On August 1, U.S. President Donald Trump announced that he would impose a tariff of 10 percent on virtually all categories of Chinese goods that have not yet been subjected to levies. Then, in a retaliatory measure, Beijing announced that it would reintroduce tariffs on American auto products and impose new tariffs on about $75 billion in U.S.-made goods. In a Twitter response, Trump said that he would increase current and planned tariffs on all Chinese goods by an additional five percent.
Business associations that oppose American tariffs and reciprocal Chinese trade measures – like the Retail Federation of America and the U.S. Chamber of Commerce – quickly voiced their objections to the new tariff announcements.
“We do not want to see a further deterioration of US-China relations,” said U.S. Chamber EVP and head of international affairs Myron Brilliant. “We urge the administration and the government of China to return to the negotiating table to complete an agreement that addresses concerns over technology transfer practices, intellectual property enforcement, market access, and the globally damaging impact of Chinese domestic subsidies.”

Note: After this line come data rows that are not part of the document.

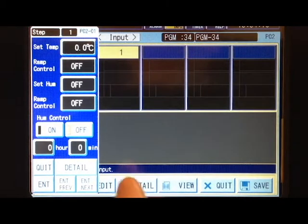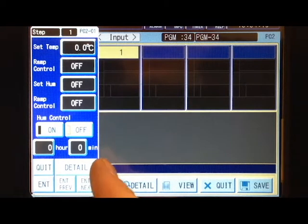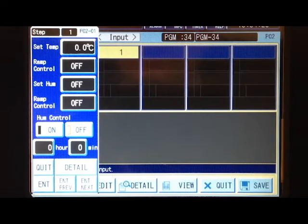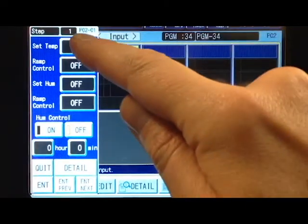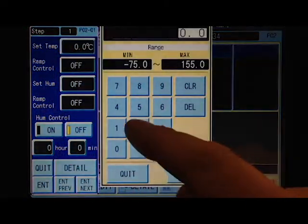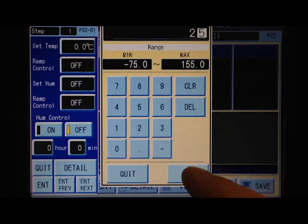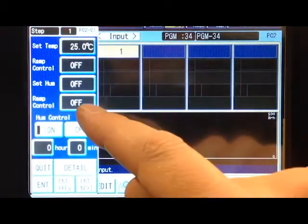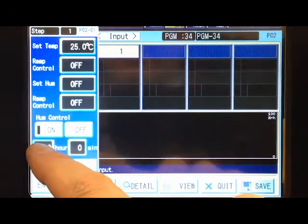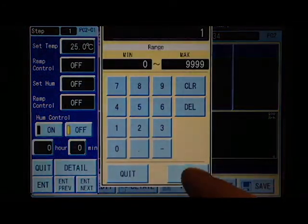On the left is our entry screen, and on the right you can see the rest of the program as we create it. Let's set the temperature to 25 degrees and set this to soak for one hour.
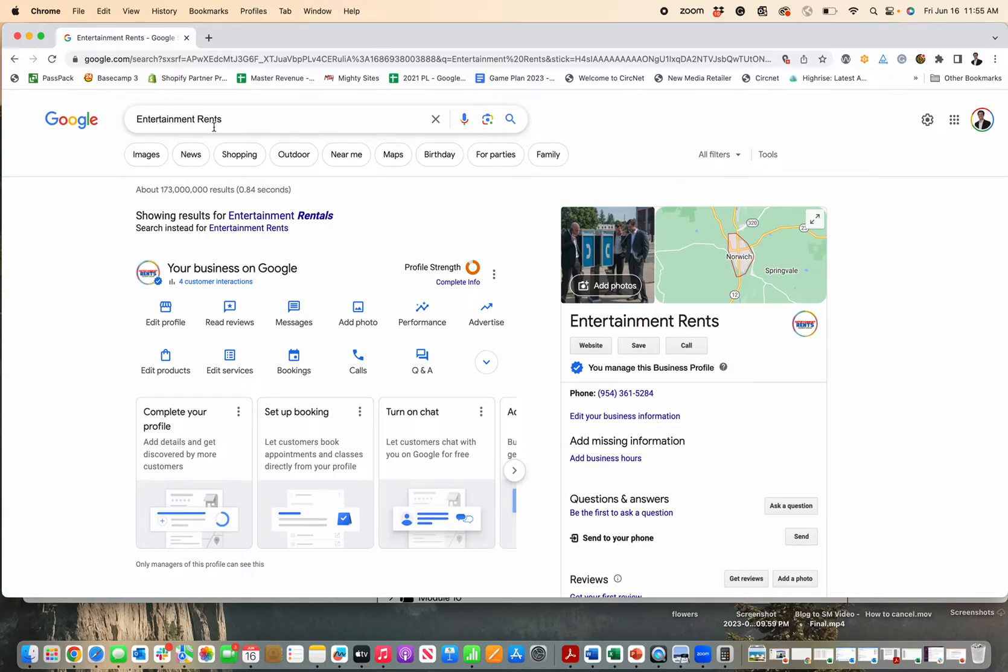First, search your business name. If it doesn't pop up, you might have to search your business name and city state. Make sure you're logged into the Google account that is on the profile.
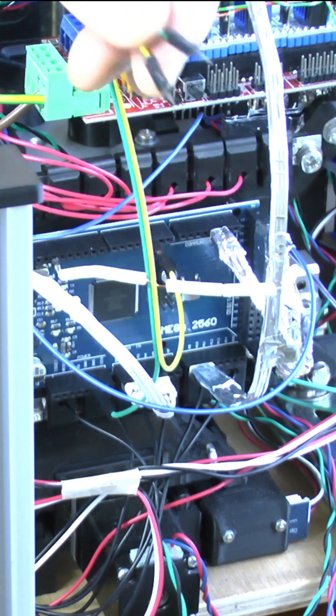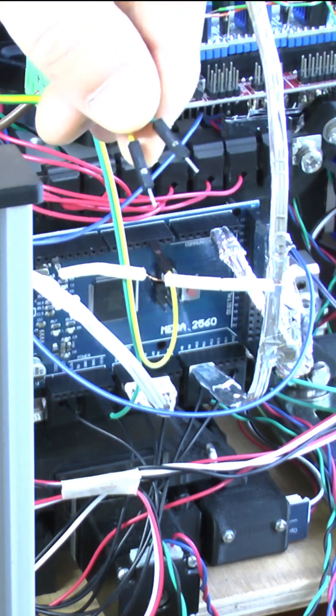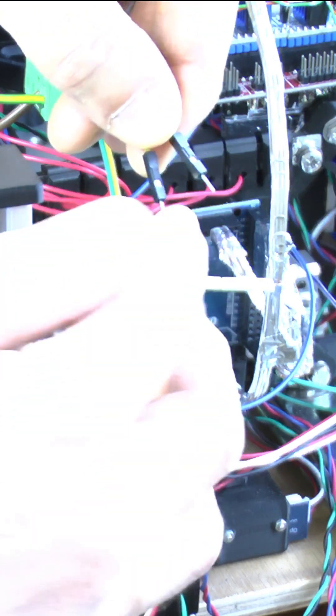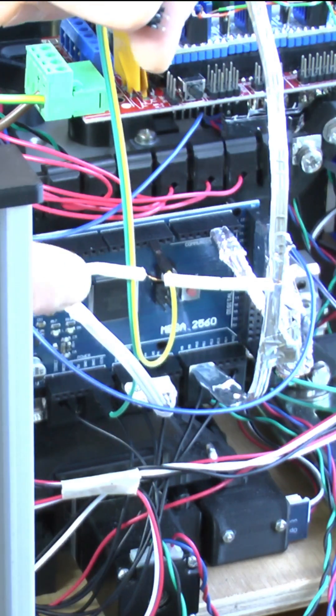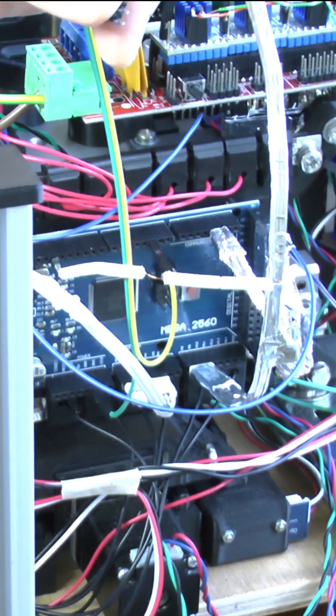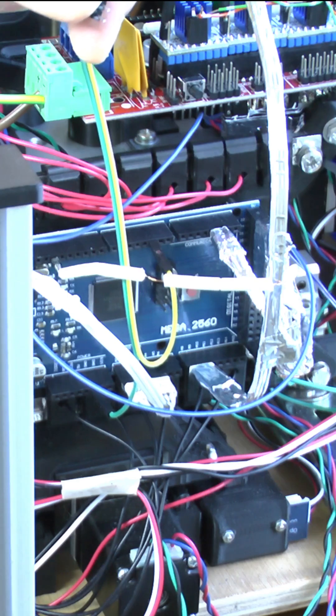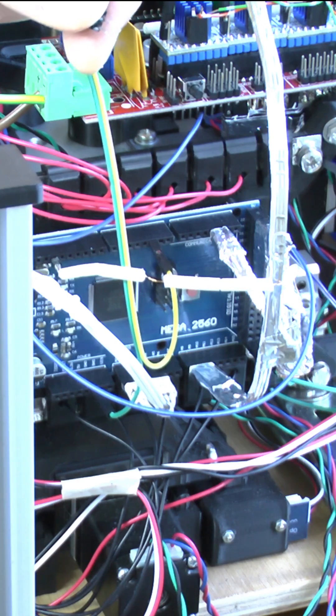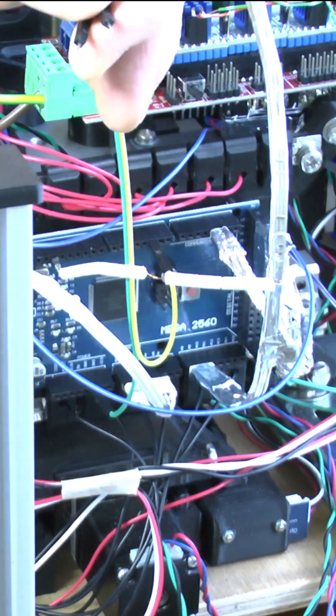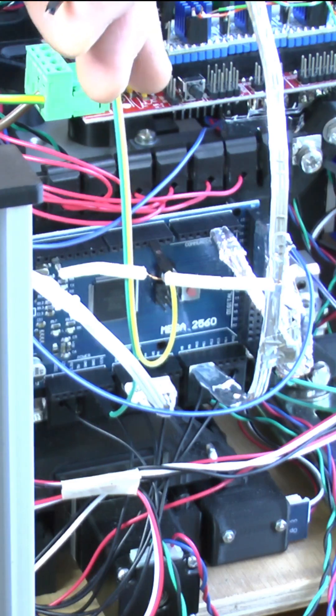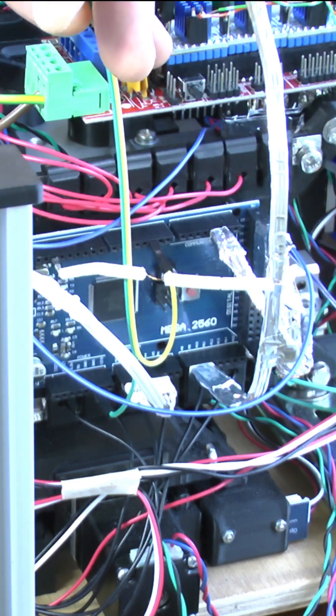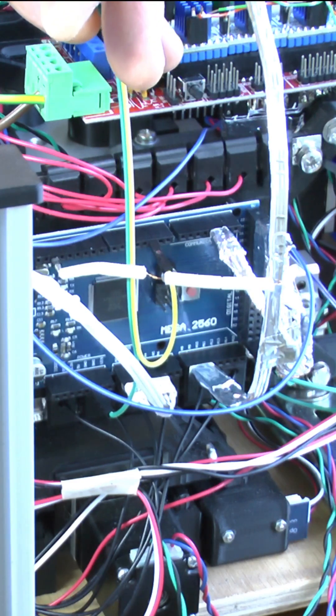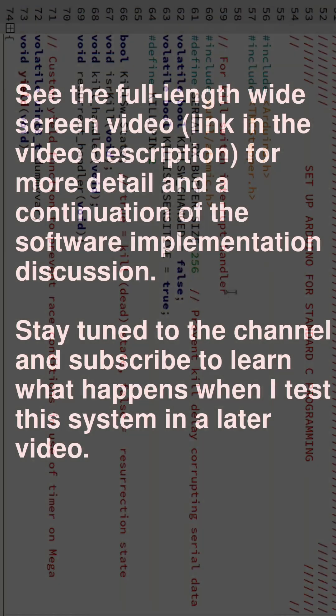So when the two ends of these wires are joined together by the switch, then digital pin 2 will be pulled to ground and will read as low. And when the switch is open, these two are separate, and the internal pull-up resistor will pull digital pin 2 to high. And so this is how we implement the kill switch in software.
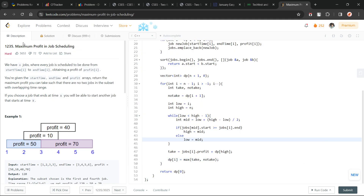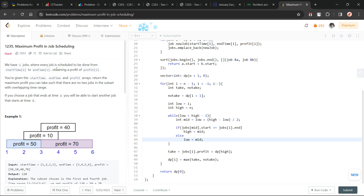Hi everyone, I hope you are doing well. In this video we're going to discuss the LeetCode problem of the day, and today's problem is Maximum Profit in Job Scheduling. It is a hard level problem, but I believe it's not actually that hard. When you look at this problem, you might relate it to a similar problem called activity selection, where we have the start and end times of certain activities and we have to find the maximum number of activities we can complete without overlapping times.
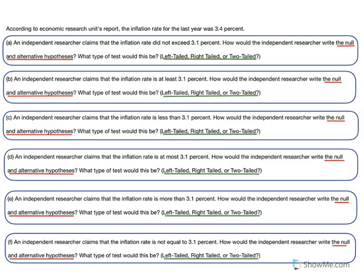In this video we look at hypothesis testing, specifically how to write the null hypothesis and the alternative hypothesis, and what type of test we're using. We have three types: left, right, or two-tailed. The question states that according to an economic research unit's report, the inflation rate for the last year was 3.4 percent. We have parts A through F — it looks like a lot, but each one takes very few steps to solve.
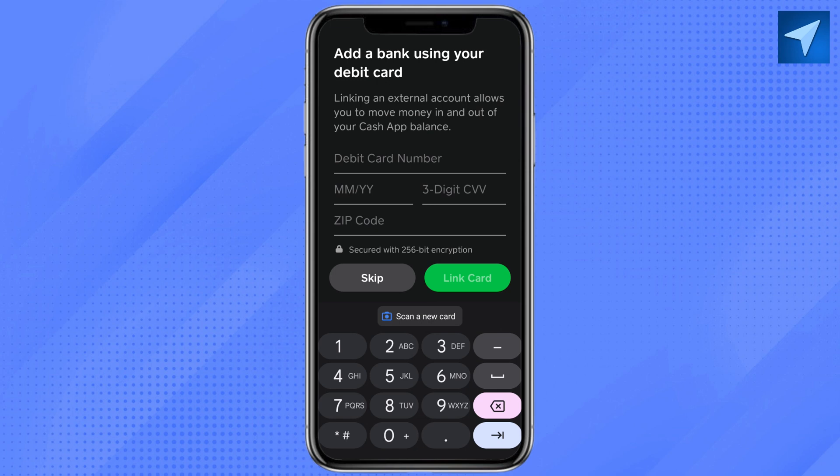I'm just going to press skip, and there your sign-in is complete and your new account has been created on Cash App. So this is how simple it is to create a new account on Cash App.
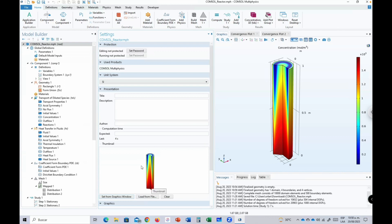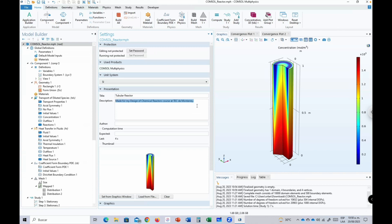Finally, a thumbnail image can be set from the Graphics window by clicking the copy button, which serves as a cover image for the model file. The model is named 'Tubular Reactor' for the Design of Chemical Reactors course. This concludes the tutorial. I hope this is useful for you — see you in the next tutorial, thank you.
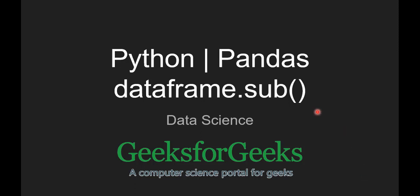Hello guys, welcome to GeeksforGeeks. Today we are going to see pandas dataframe.sub function.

The American Farm Bureau, the biggest association of American farmers and ranchers, also called for calm and a return to bilateral talks. “Continuing negotiations is the best way to restore certainty to export markets farmers and ranchers depend on. We need substantive trade agreements that ensure American agriculture can provide an abundant and safe food supply for the world’s growing population,” said American Farm Bureau Federation President Zippy Duvall.
The administration is betting the health of our entire economy on a tariff strategy that is a proven loser
Americans for Free Trade, a group of 150 American business associations like the American Petroleum Institute, the American Chemistry Council and the National Retail Federation, called on Congress to intervene in the trade dispute. “The administration is betting the health of our entire economy on a tariff strategy that is a proven loser. These added tariffs will ratchet up consumer prices, stall business investment, escalate uncertainty and cost American jobs. Congress can’t sit on the sidelines any longer while jobs, retirement savings and local farms are put at risk by a trade war that gets more dangerous by the day. Enough is enough,” the group said via its public awareness campaign, Tariffs Hurt the Heartland.